BRIEF
Everything in the data gets repeated exactly, except for the pictures.

━━━━━━━━━━━━━━━━

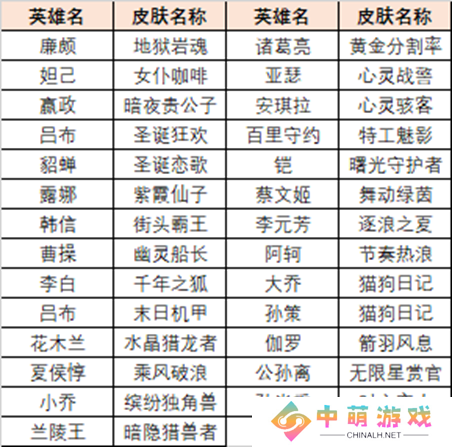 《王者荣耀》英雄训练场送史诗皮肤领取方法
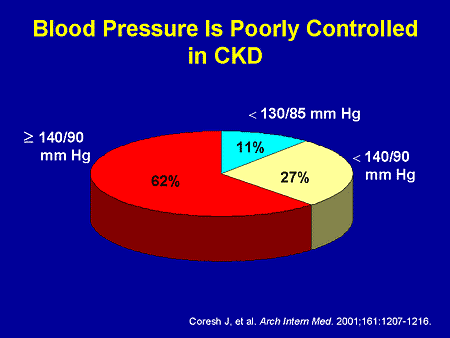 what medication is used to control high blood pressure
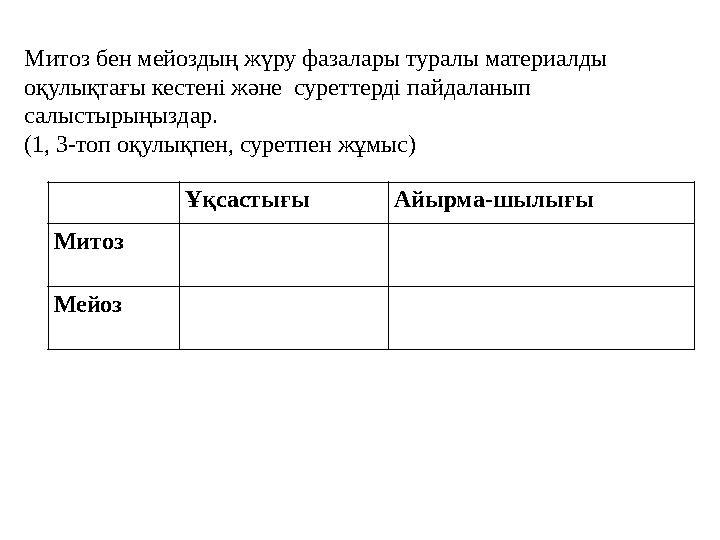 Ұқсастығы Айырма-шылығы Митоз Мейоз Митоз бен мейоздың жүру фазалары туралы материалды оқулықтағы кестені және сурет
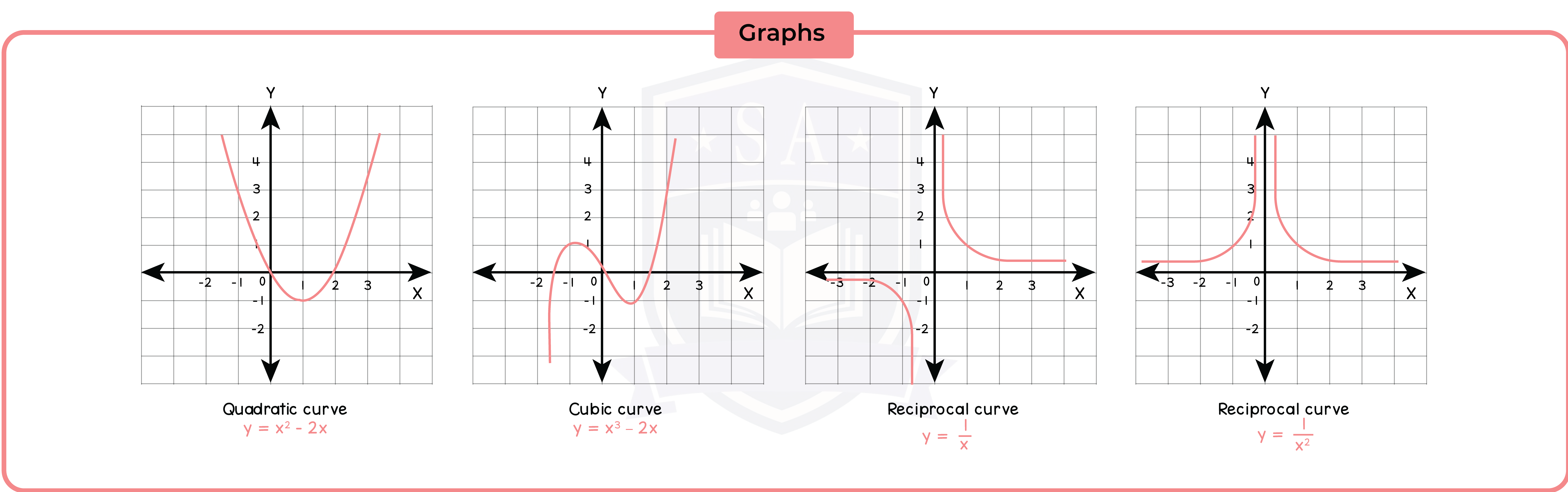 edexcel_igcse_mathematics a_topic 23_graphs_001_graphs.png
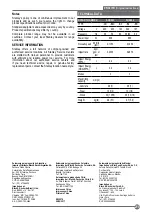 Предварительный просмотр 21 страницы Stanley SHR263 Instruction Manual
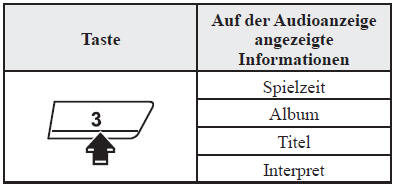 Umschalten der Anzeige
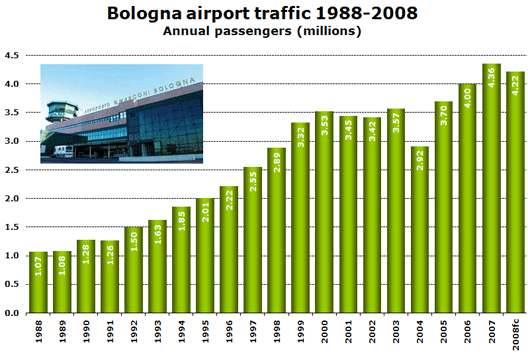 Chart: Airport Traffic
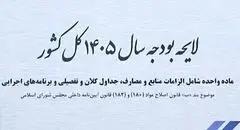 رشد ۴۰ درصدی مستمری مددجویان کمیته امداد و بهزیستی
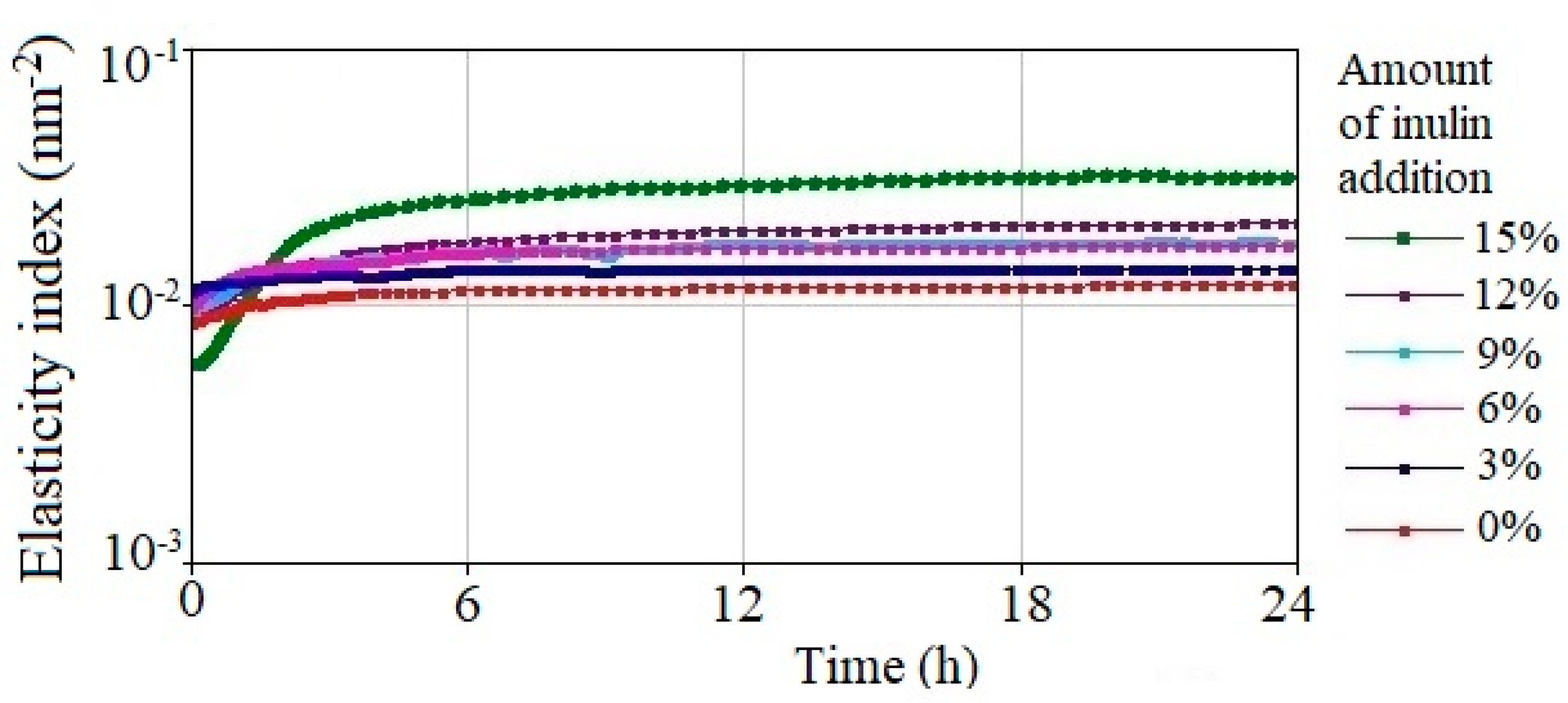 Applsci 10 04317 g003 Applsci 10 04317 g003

━━━━━━━━━━━━━━━━

OUTPUT OF THE EXERCISE
 《王者荣耀》英雄训练场送史诗皮肤领取方法
 what medication is used to control high blood pressure
 Ұқсастығы Айырма-шылығы Митоз Мейоз Митоз бен мейоздың жүру фазалары туралы материалды оқулықтағы кестені және сурет
 edexcel_igcse_mathematics a_topic 23_graphs_001_graphs.png
 Предварительный просмотр 21 страницы Stanley SHR263 Instruction Manual
 Umschalten der Anzeige
 Chart: Airport Traffic
 رشد ۴۰ درصدی مستمری مددجویان کمیته امداد و بهزیستی
 Applsci 10 04317 g003 Applsci 10 04317 g003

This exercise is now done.